For RQ3, two-way analysis of variance (ANOVA) (α = 0.05) examined variations in perceived preparedness for work by group membership and participation in any ERA. Again, analysis was limited to domestic graduates, except for comparisons by citizenship. Given the research question, only interaction effects were explored (e.g. any activity participation*regionality). Normality for preparedness was indicated by low skewness and kurtosis measures, − 0.754 and − 0.289 respectively.

Limitations

While the GOS dataset provides a large, national sample for examining the posed research questions, it has limitations. First, data are self-reported by graduates and therefore potentially subject to recall and desirability bias. Second, the GOS’ timing means that it realistically explores graduates’ transition to work and very early career experiences, rather than longer-term labour market achievements. The survey only allows graduates to report on their participation in the six outlined ERAs, while they may have engaged in others. There are also likely to be nuances within the six activity groups (e.g. with respect to payment, length and structure), potentially influencing impact on their labour market outcomes and therefore limiting our understanding of their precise effect regarding perpetuating (or alleviating) inequality. Finally, our focus on the labour market returns from ERAs means results are discussed only in instrumental terms; yet, we recognise the value of exploring students’ complex motivations for engaging in ERAs and the ensuant personal and social gains from their experiences.

Results

Participation in activities

Table 2 summarises domestic and international graduate participation in each activity by group. Significant differences within each group are emboldened. Significant results are marked against females (compared to males) and low/medium SES groups are compared to high SES. Results indicated variation in activity engagement by gender, females reporting proportionately greater participation in any activity, and more specifically in volunteering and (to a lesser extent) mentoring. Although males recorded less participation overall, proportionately more engaged in club/society roles, enterprise/incubator and micro-credential programmes, albeit only marginally. International and mature-age graduates reported consistently higher participation across all activity types, and overall.

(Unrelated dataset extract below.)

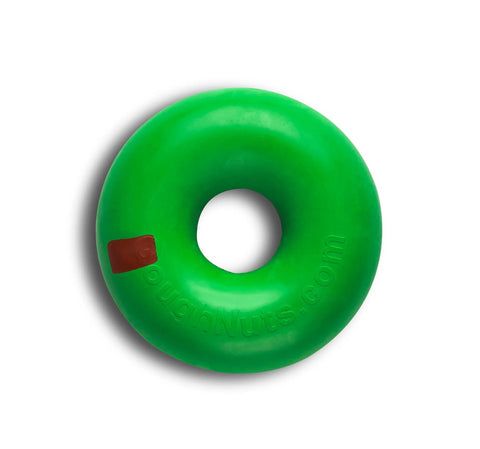A bright green Goughnuts Large Rings dog toy (for dogs 60-100 lbs), donut-shaped with a small red patch and GoughNuts.com embossed, is shown on a white background with a shadow.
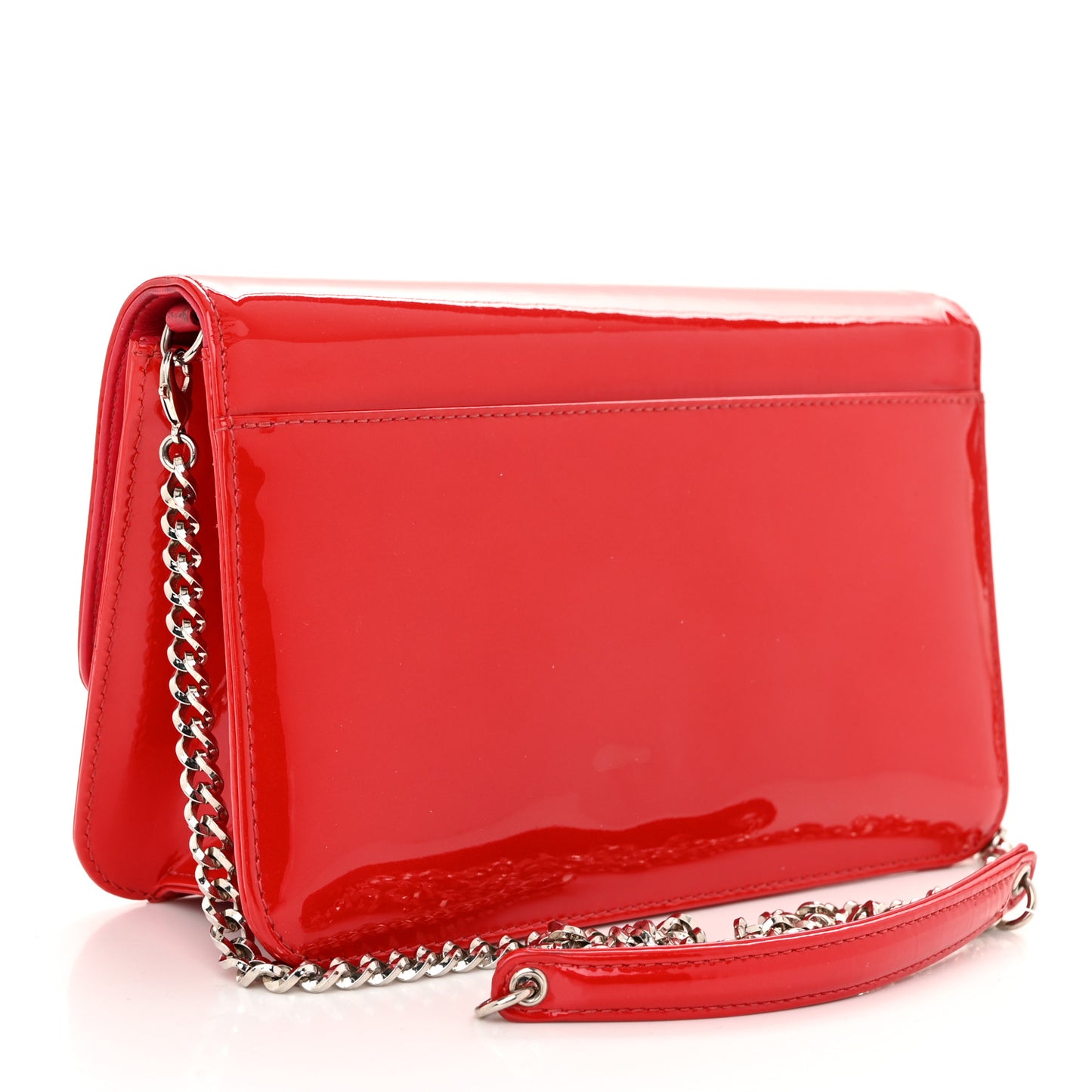 Patent Tribale Chain Wallet Red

Table 2 Activity participation by group

Interestingly, those with disability participated more than those without for all activities, other than incubator/enterprise activities. Meanwhile high SES graduates reported greater participation than low/medium SES students. Participation among non-Indigenous and Indigenous graduates was reasonably uniform, although the latter reported marginally higher engagement in mentoring and lower in micro-credentials. There was greater participation observed among NESB graduates in micro-credentials, mentoring, incubator, and award programmes. Finally, there were some differences between metro-based and remote/regional graduates, with greater participation observed in the latter for all activities other than volunteering and micro-credentials.

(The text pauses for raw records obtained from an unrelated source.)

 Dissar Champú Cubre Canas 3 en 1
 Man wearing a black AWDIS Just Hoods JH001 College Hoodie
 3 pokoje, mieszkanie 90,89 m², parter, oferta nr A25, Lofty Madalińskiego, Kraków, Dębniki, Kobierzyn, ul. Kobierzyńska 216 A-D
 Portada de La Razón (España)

Activity impact on full-time employment

Table 3 summarises the impact of the different activities on domestic graduates’ full-time employment across groups. Results show the proportion of graduates who secured full-time employment who participated in an activity, compared with those who did not participate. Significant differences are emboldened for groups of interest. Both international and domestic graduates are included only for citizenship. Findings are presented for both males and females, and only low SES. Results for all domestic graduates are presented as a benchmark.

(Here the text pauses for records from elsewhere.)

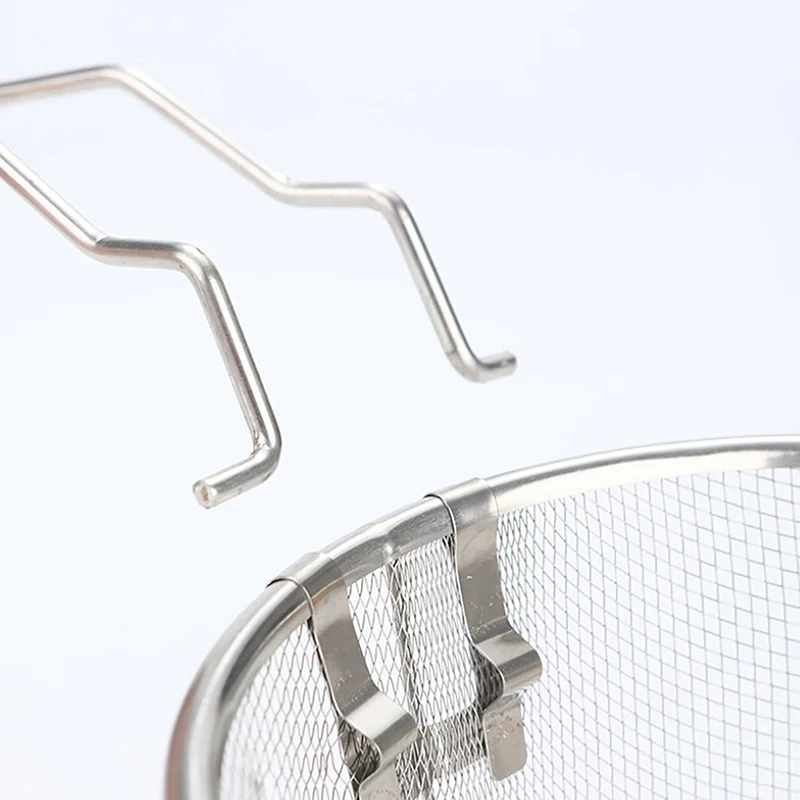 French Chip Frying Strainer Basket Stainless Steel Deep Fry Basket Kitchen Round Fryer Wire Mesh With Handle Wire Colander Nets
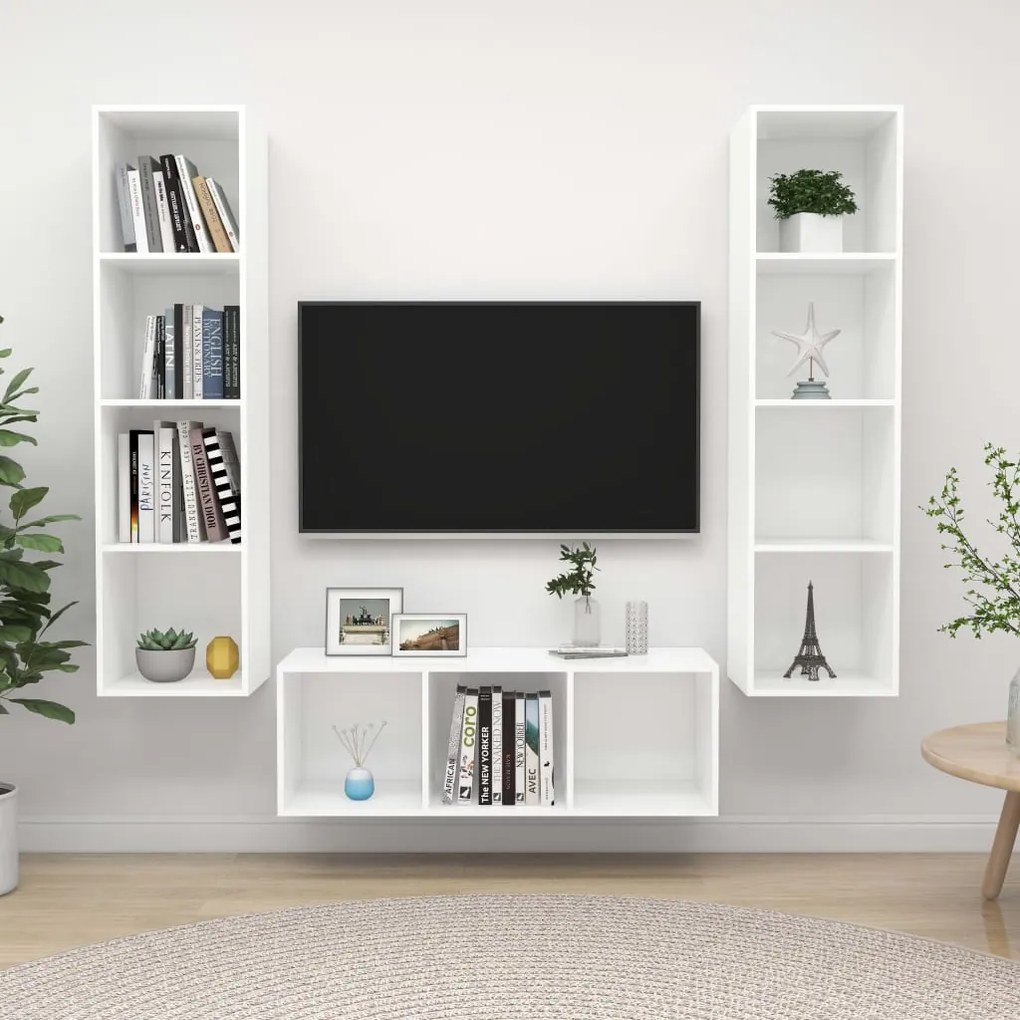 3079754 vidaXL Комплект ТВ шкафове от 3 части, бял, инженерно дърво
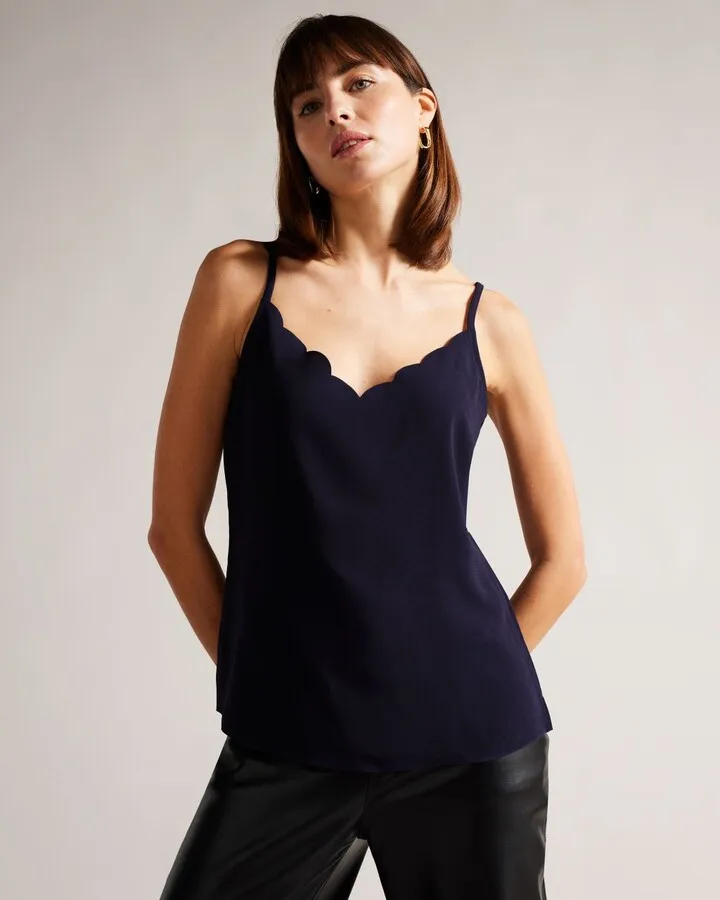 Scallop Neckline Cami Top in Navy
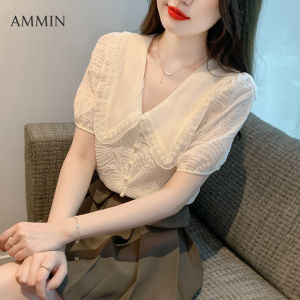 AMMIN เสื้อเบลาส์ปักลายดอกไม้ เสื้อเบลาส์แขนสั้นปกเย็บปะติดกระดูม มูกเสื้อเสื้อชิ้นฟองเที่ยวกระดูม แถวเดียวฉับภาษาเกาหลีสไตล์ สำหรับฤดูร้อน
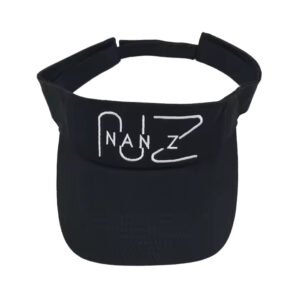 Black high crown golf visor with embroidered logo, breathable cotton twill design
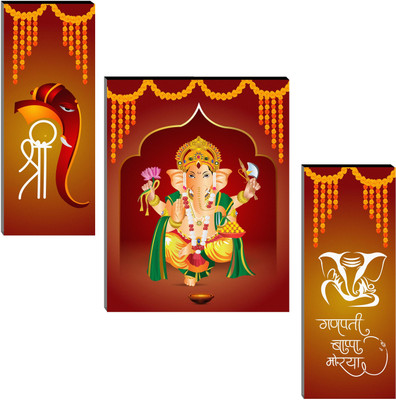 Indianara Set of 3 Lord Ganesha MDF Art Painting without glass Digital Reprint 12 inch x 18 inch Painting(Without Frame, Pack of 3)
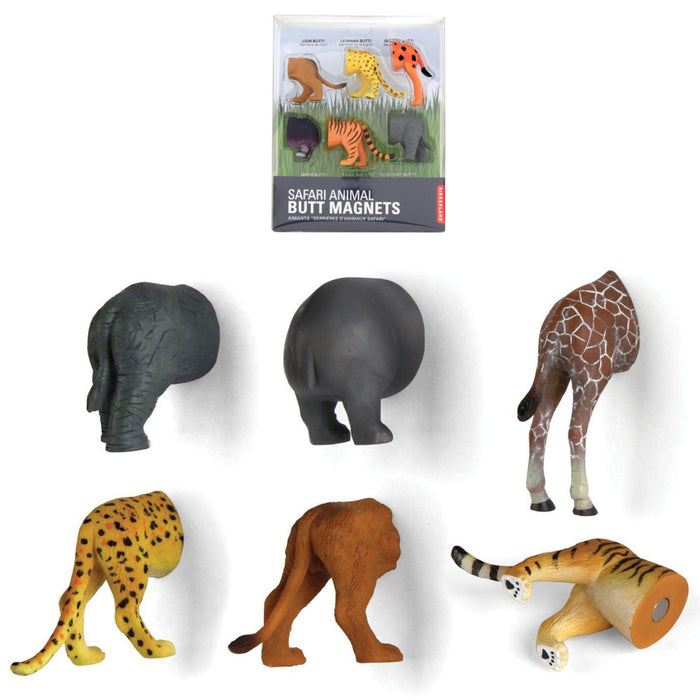 6 Refrigerator Magnets Safari Gift Set Home Decoration Novelty Animal Butt Funny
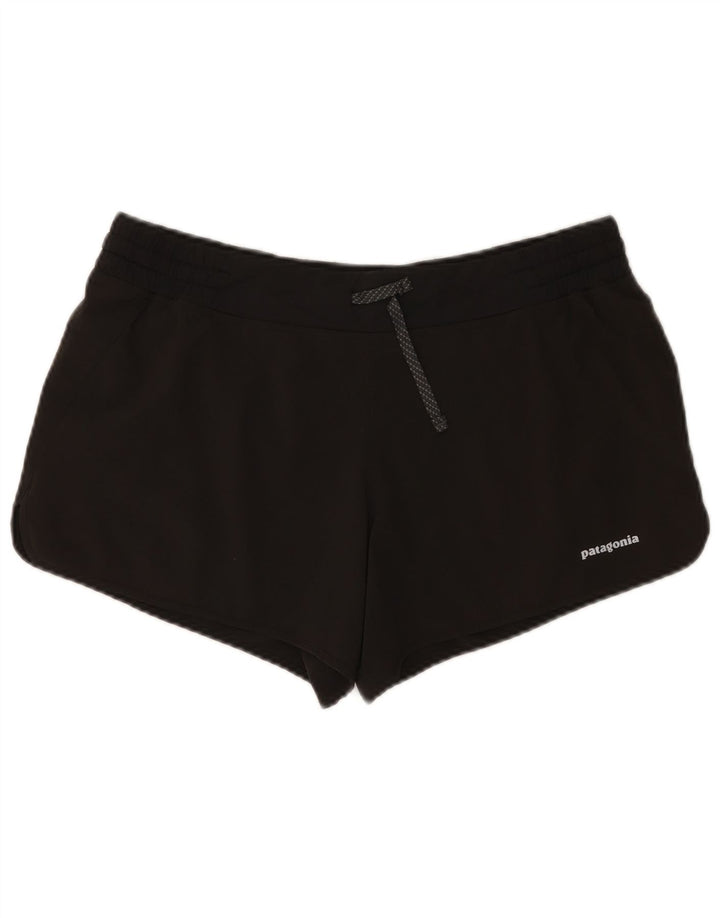 Shorts esportivos femininos Patagonia UK 16 grande poliéster preto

Table 3 Impact of activities on full-time employment

Both male and female graduates reported mixed full-time employment effects. Mentoring and award programmes made a considerable difference for both groups (more than 5% points). Positive impact extended to club/society roles for females, and incubator/enterprise programmes for males, while volunteering and micro-credentials negatively impacted both groups in a marginal way. International graduates reported full-time employment gains from all activities, other than micro-credentials and, only very marginally, volunteering. Despite their higher levels of participation compared with younger counterparts, mature-age graduates reported negative impacts on full-time employment for volunteering, micro-credentials and, to a lesser extent, incubator/enterprise activities.

Employment gains varied by activity type for graduates with disability. For example, engaging in club/society roles, mentoring and award programmes enhanced employment, particularly the latter, while others made little difference. Employment benefits were evident for low SES graduates, particularly club/society roles, mentoring, and incubator/enterprise programmes, although volunteering recorded a significant, negative impact. Indigenous graduates reported higher employment rates for mentoring and award programmes and lower for volunteering and incubator/enterprise programmes, albeit not significant. There were marked employment gains for NESB graduates from mentoring, incubator/enterprise and award programmes, and relatively lower rates for those that participated in volunteering and micro-credentials. A similar pattern was evident in regional/remote graduates although incubator/enterprise programmes had little effect.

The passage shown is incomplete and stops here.